The real issue: an uncorrupt government or not?
The Supreme Court’s actions in the present case have
raised a question: Does Singapore really have an uncorrupt government or the
Government’s excellent reputation is an artefact?
In social science, it has been widely assumed that the
level of corruption correlates negatively with the level of democracy so a
least corrupt country is supposed to be fully democratic. Singapore is
generally treated as an anomaly because of its undemocratic PAP government.
I would say the Government’s corruption-free
reputation is an artefact because “corruption in the judiciary ensures that
corruption remains beyond the law in every other field of government and
economic activity in which it may have taken root”. In theory, judicial
corruption can cover up corruption-related situations involving bribery,
embezzlement, extortion, nepotism and fraud. As Transparency International
pointed out, “without an independent judiciary, graft effectively becomes
new ‘rule of law’”.
For the sake of prudence, a number of local and
international social scientists specialized in corruption or rule of law are
copied in on this email.
Grand judicial corruption
“Judicial corruption includes any inappropriate
influence on the impartiality of the judicial process “so bias serves as a
good indicator of judicial corruption. In this police wrongful arrest case, the
Supreme Court clearly revealed an actual bias in favor of the Government by
issuing an unjust order to punish the victim (me) and to award the perpetrator
(the police).
Judicial corruption can be divided into petty and
grand corruption and the latter involves the highest levels of government.
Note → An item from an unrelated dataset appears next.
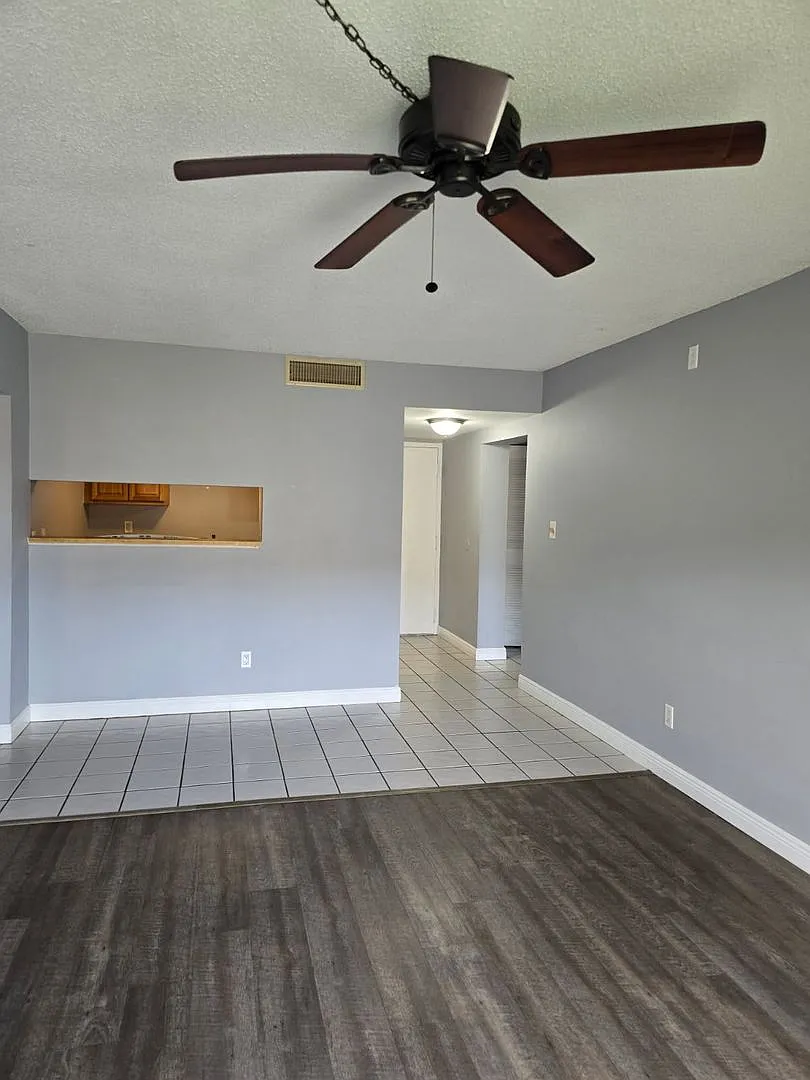 $400 Off First Month Rent! Tampa Racquet Club — Photo 1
Given the fact that the Chief Justice was informed of the unjust order but
didn’t intervene, it is clear that the corruption in the Supreme Court falls
into the category of grand judicial corruption.
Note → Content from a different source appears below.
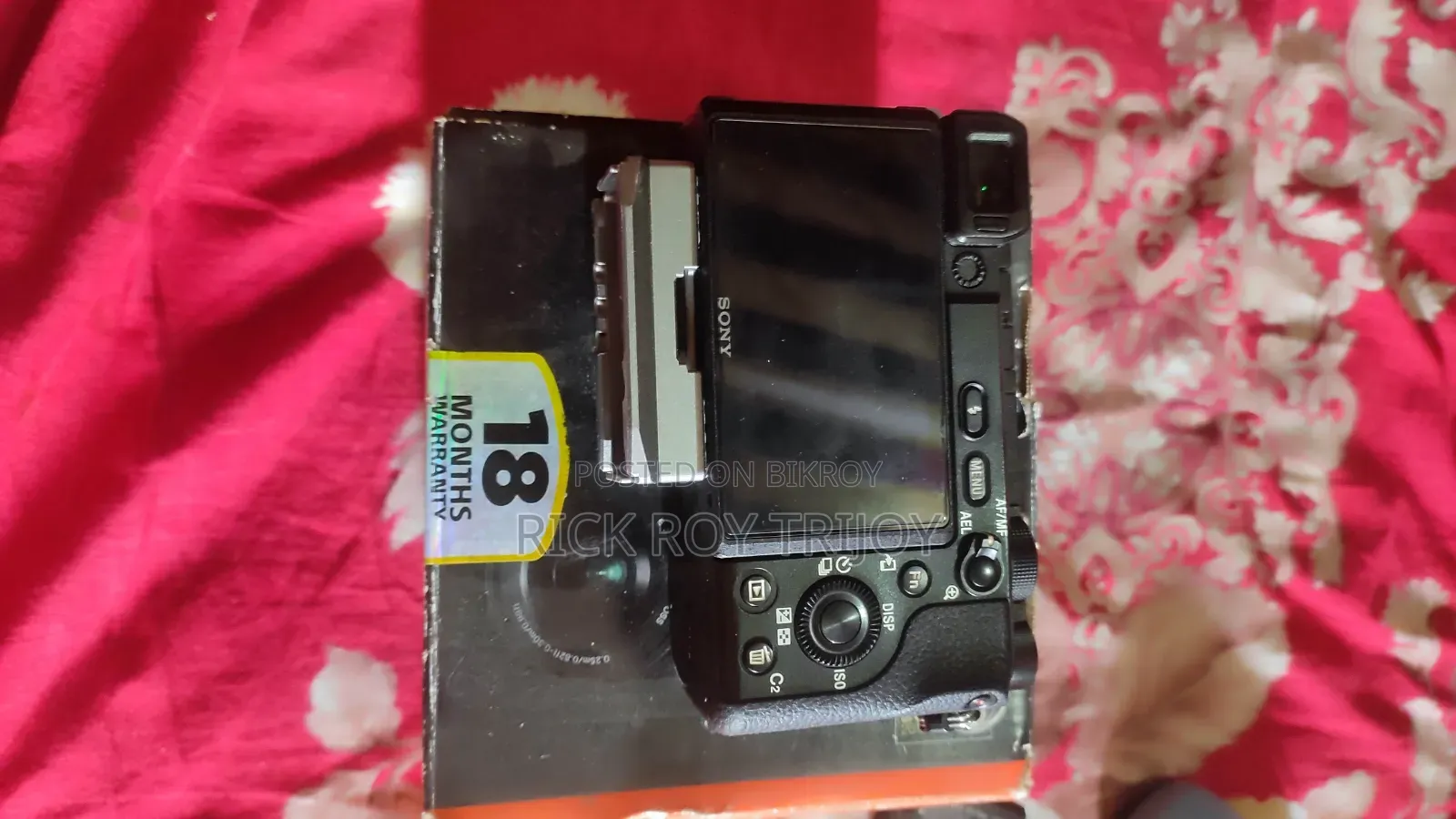 Sony 6400 ,Full Fresh Official Body,7 Month Warranty Left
The past case and concerns
Without assistance from external authorities, it is
almost impossible to prove there is grand corruption in a given legal system.
In the present case, the late PM Lee Kuan Yew misinterpreted one of the most
fundamental human rights (right against arbitrary arrest) in 1984. The mistake
is self-evident so no external authority is required.
The last time that the Supreme Court’s act of the
grand corruption was uncovered was back in 1988 in J. B. Jeyaretnam case. Although the Privy Council ruled that Jeyaretnam, an
opposition leader, “"have suffered a grievous injustice" by
"a series of misjudgments", the Supreme Court including the
then Chief Justice refused to remove Jeyaretnam’s conviction.
In July 2008, the International Bar Association's
Human Rights Institute (IBAHRI) released a 72-page report and concerned about “an actual or apparent lack of
impartiality and/or independence” of Singapore judiciary in cases involving
the ruling party. At Paragraph 5 of the response
letter, the Ministry
of Law dismissed the IBAHRI’s concern for lack of evidence to substantiate this
grave allegation.
An actual bias in favor of the Government, or an
actual lack of impartiality and/or independence, has been unraveled in the
present case. In retrospect, the IBAHRI’s concern was both proportionate and
necessary.
Rule by law
While Singapore has a reputation for fairness in
commercial law, I am uncertain whether the rule of law is tailored to promote
economic development rather than to protect individual rights.
It is clear from my first-hand litigation experience
in the past 6 years that judicial misconduct is a big problem for all courts
including top legal officials. In my email to the PM dated 3 November 2015 at
Paragraph 14 to 17 (see email below), I set out the irregularities on the part
of Judge of Appeal Chao Hick Tin and the Chief Justice Sundaresh Menon. I can
talk more.
In my cases, I have solid evidence to prove that what
the courts upheld was not justice but a social order in which the priority was
given to the government’s interest, the dignity of the judgments and the
interest of the wife and the child. The biggest problem lied with the Office of Public
Affairs (OPA)/Office of
Chief Justice where the court officials had free rein to behave as they please
to intentionally cover up the judicial misconduct by way of flat denial.
Without giving any justification, the OPA on 11
November 2015 dismissed my complaint as baseless and stated “we will not
entertain any further baseless complaints of judicial misconduct from you and
will not tolerate any further unwarranted challenges”. I attached my
original complaint to this email (See attachment 1) and would encourage the OPA
to take action against me if it proves my complaint baseless in public.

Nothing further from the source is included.